Seated before 21 third-graders at Selma Avenue Elementary School in Hollywood, actor Henry Winkler cracked open a copy of "I Got a 'D' in Salami," a children's book he co-authored, and began reading. The "Fonze," a little grayer and thicker around the middle than in his salad days, quickly won over his young audience, which giggled at his jokes and sat with rapt attention as he painted pictures with words.
"I couldn't read in fourth grade," said Winkler, a dyslexic who overcame his learning disability to go on to Yale Drama School and "Happy Days" fame. "Reading is the most wonderful adventure."

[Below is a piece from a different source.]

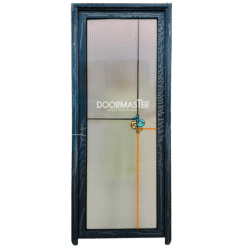 Washroom Door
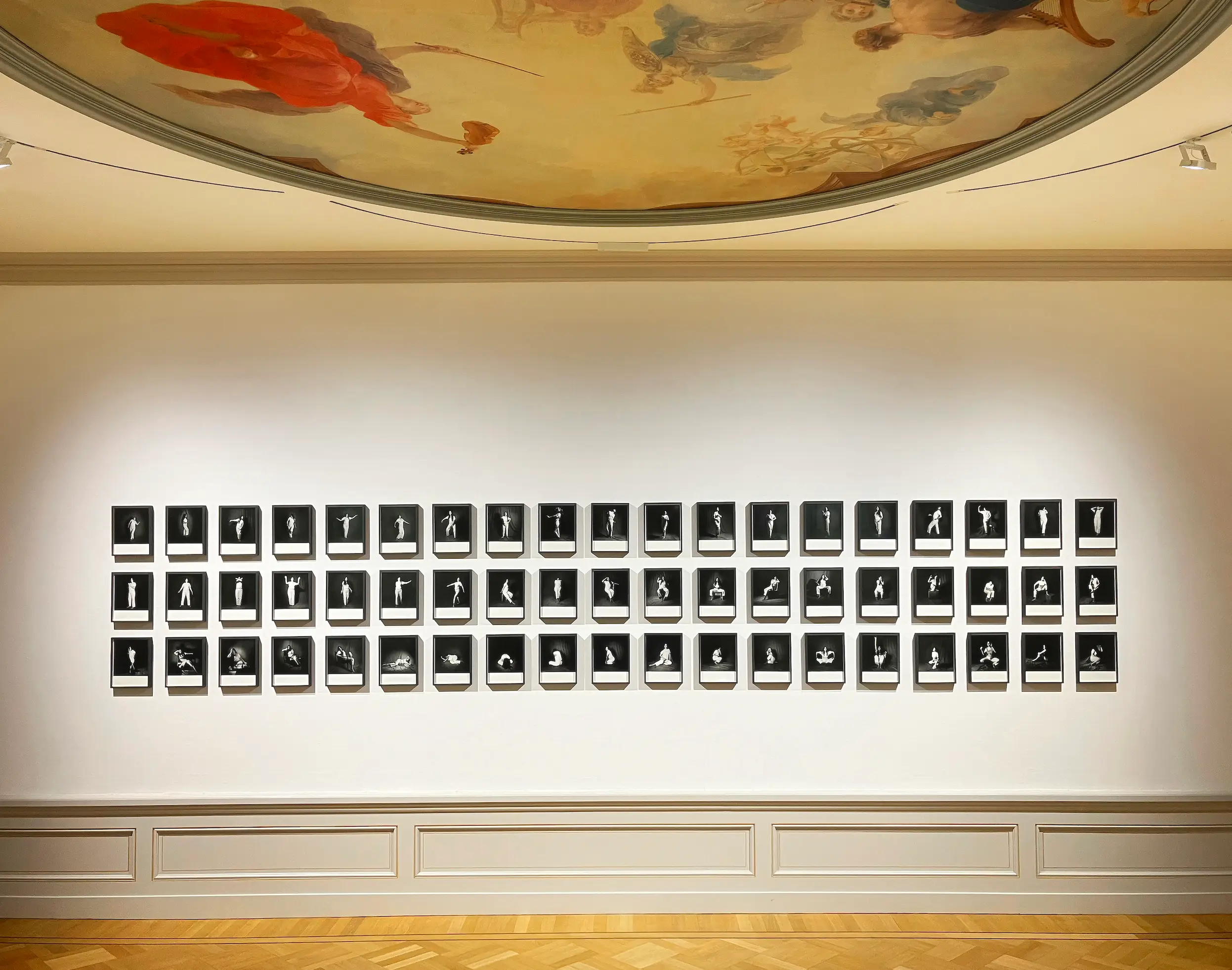 Tarrah Krajnak, Huis Marseille, Museum for Photography in Amsterdam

Winkler dropped by Selma for the fifth-year kickoff of KOREH L.A., the much-lauded literacy program of the Jewish Federation of Greater Los Angeles. Over the years, 2,500 Jewish volunteers have read weekly to 3,000 students, ages 6 to 9, at 75 schools. About 70 percent of the youngsters are Latino, 10 percent African American, 8 percent Asian and 12 percent Caucasian or other.
KOREH L.A. has done such a good job of turning students on to books that the group now has a waiting list of 25 schools.
"We would love [KOREH L.A.] to adopt all our schools," said Susan Huntzinger, supervisor of Library and Information Services at the Los Angeles Unified School District.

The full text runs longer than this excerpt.